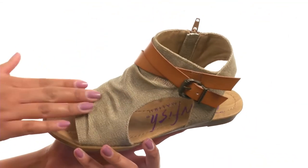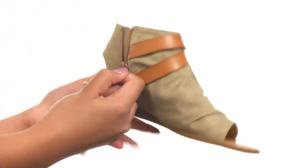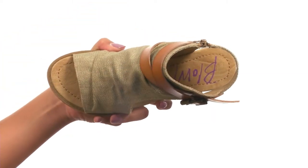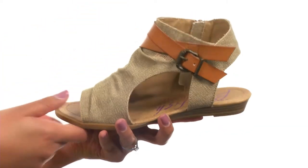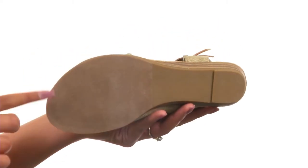This shoe here is made with a textured canvas upper that comes with a side zipper construction, great for easy on and off wear. On the inside you get textile lining along with a lightly padded footbed, and the bottom provides a micro wedged heel along with a durable and textured outsole.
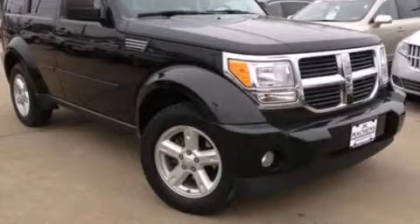Call now to find out how you can own this breathtaking vehicle. Thank you.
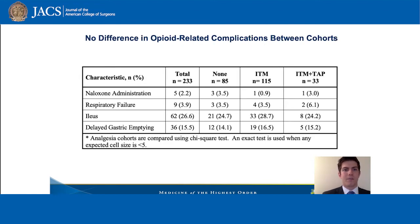As a countermeasure, we assessed opioid-related complications and found no differences in naloxone administration, respiratory failure, ileus, or delayed gastric emptying between all three cohorts.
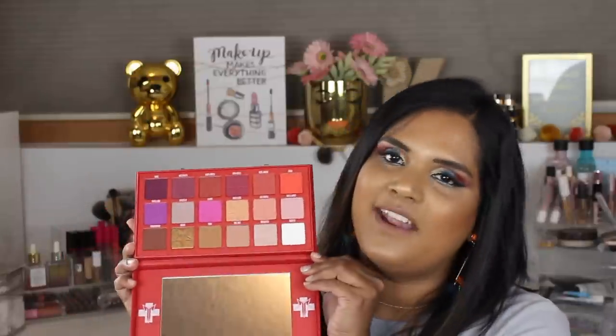I bought the Jeffree Star Blood Sugar palette at the same time as the Thirsty palette on Beautylish. I didn't give the Thirsty palette a very good review, but a lot of you said the Blood Sugar palette was much better with a better formula. So I've decided to definitely try it out. This is what the inside looks like — it has not been swatched yet but I am very excited to play with it. Let me know if you've tried it and what you think compared to Thirsty.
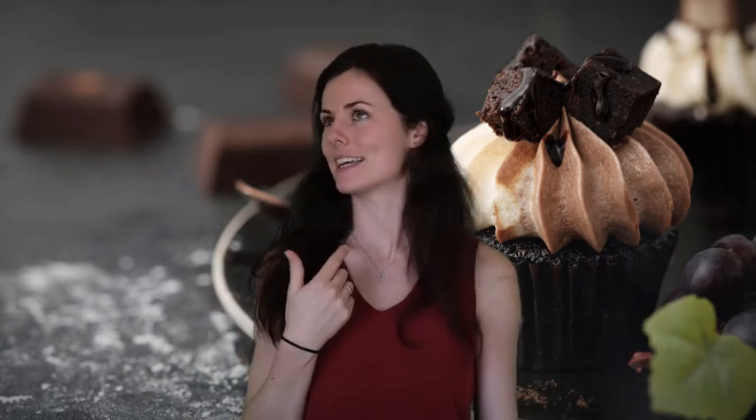Hey everybody, Emma here. Do you have a sweet tooth? Because I definitely do. Today we're going to learn about how the body deals with all that glucose.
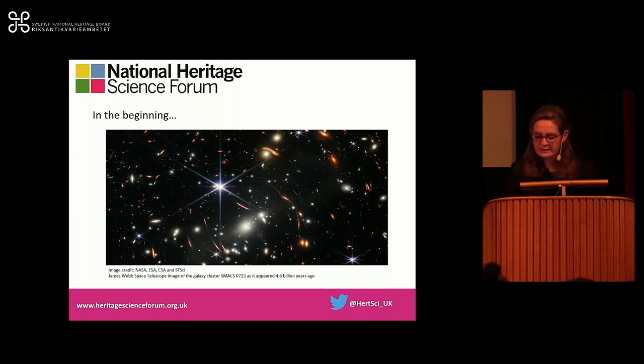Over the next 40 minutes I'm going to share information on the development of heritage science infrastructure in the UK, showing what the heritage science dots are in the UK and exploring why we want to connect them. What will the end picture look like? I don't have an answer for that at the moment, but I will share where we are in terms of the developing UK conservation and heritage science infrastructure.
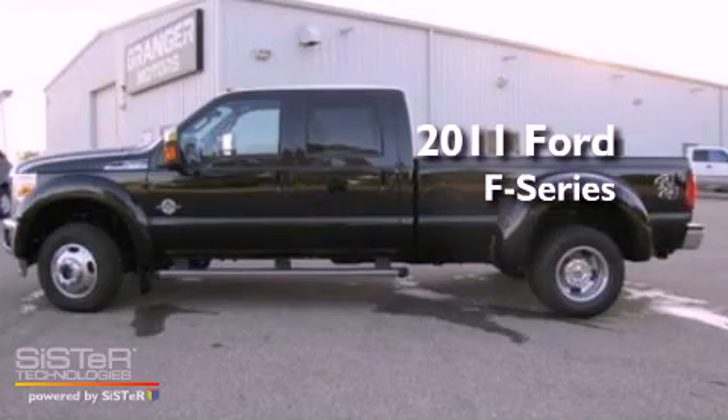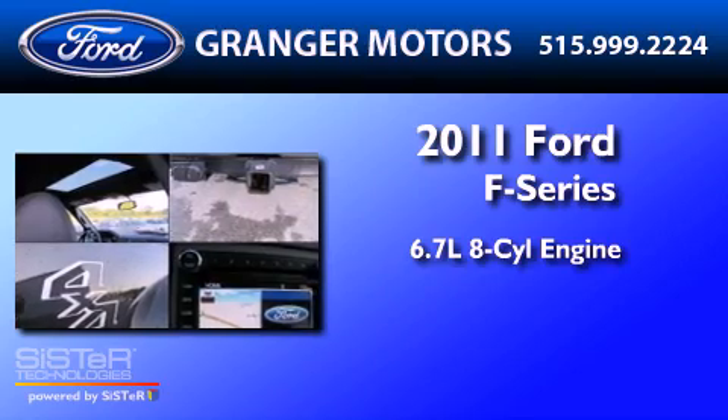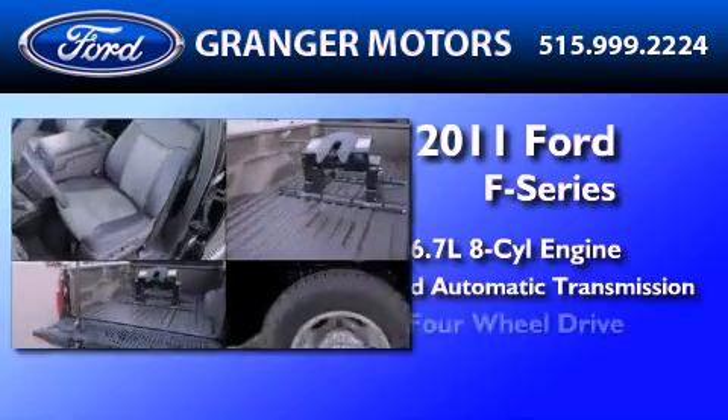This is a 2011 Ford F450. It has a 6.7-liter 8-cylinder engine, a 6-speed automatic transmission, and 4-wheel drive.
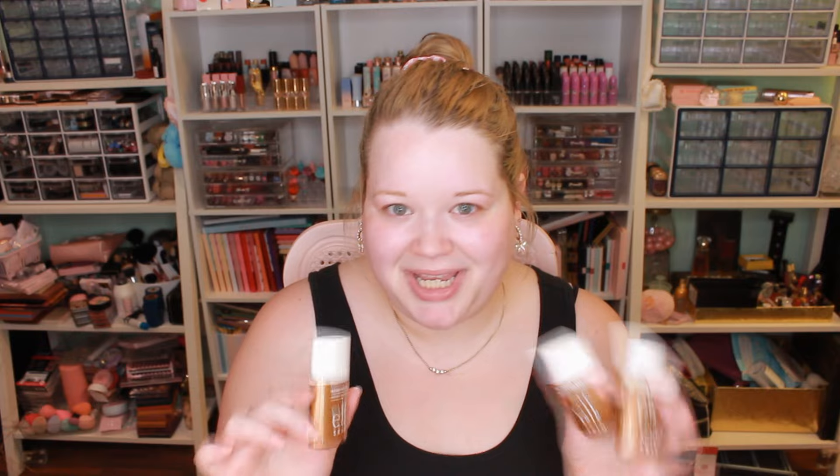So I did get all three colors of the bronzing drops, and I will share some color comparisons and swatches for you guys so you can try to figure out which one is best suited for you if you're interested in picking these up.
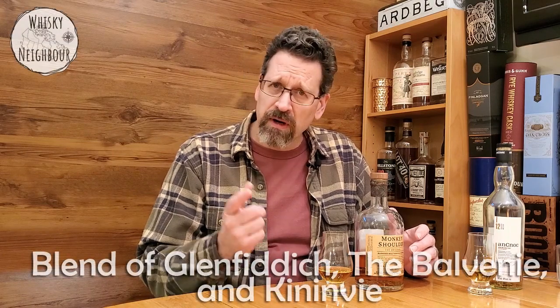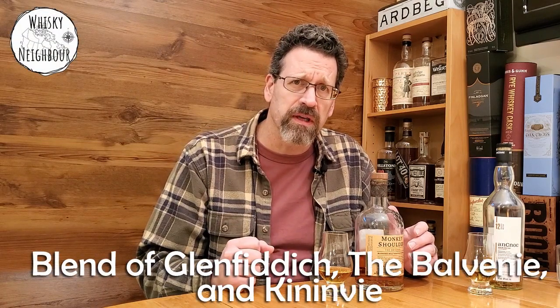This is Monkey Shoulder — a really worldwide popular blended malt. Being a blended malt means there's only malted barley in here; it's not like a blended scotch which also has grain whiskey. As I understand it, it comes from the three main distilleries they own in Dufftown in Speyside: Glenfiddich, Balvenie, and Kininvie. I don't think I've ever had specifically anything from Kininvie. Obviously I've had my fair share of Glenfiddich and Balvenie — I appreciate Balvenie. Probably my favorite of their entry line would be the 14 year Caribbean Cask, which is a bit odd since I tend not to like rum casks. But I digress.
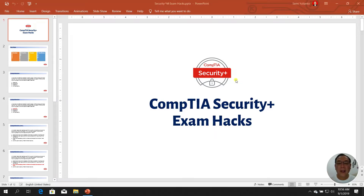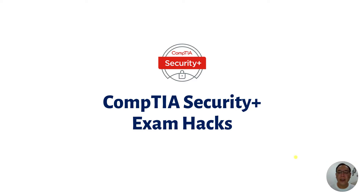Hi everyone and welcome back to my channel. Today I'm going to talk to you about how to successfully pass the CompTIA Security Plus exam. This video will guide you through the process of studying for your Security Plus. So this is actually about exam hacks — tips and tricks on how to successfully master your CompTIA Security Plus exam.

☆ ☆ ☆ ☆ ☆

◆ **Task details**
Repeat word for word the lines above, from the first entry through the line containing "Call now to", with both ends kept and the pictures dropped.

◆ **Result of the exercise**
This shoe here is made with a textured canvas upper that comes with a side zipper construction, great for easy on and off wear. On the inside you get textile lining along with a lightly padded footbed, and the bottom provides a micro wedged heel along with a durable and textured outsole.
Call now to find out how you can own this breathtaking vehicle. Thank you.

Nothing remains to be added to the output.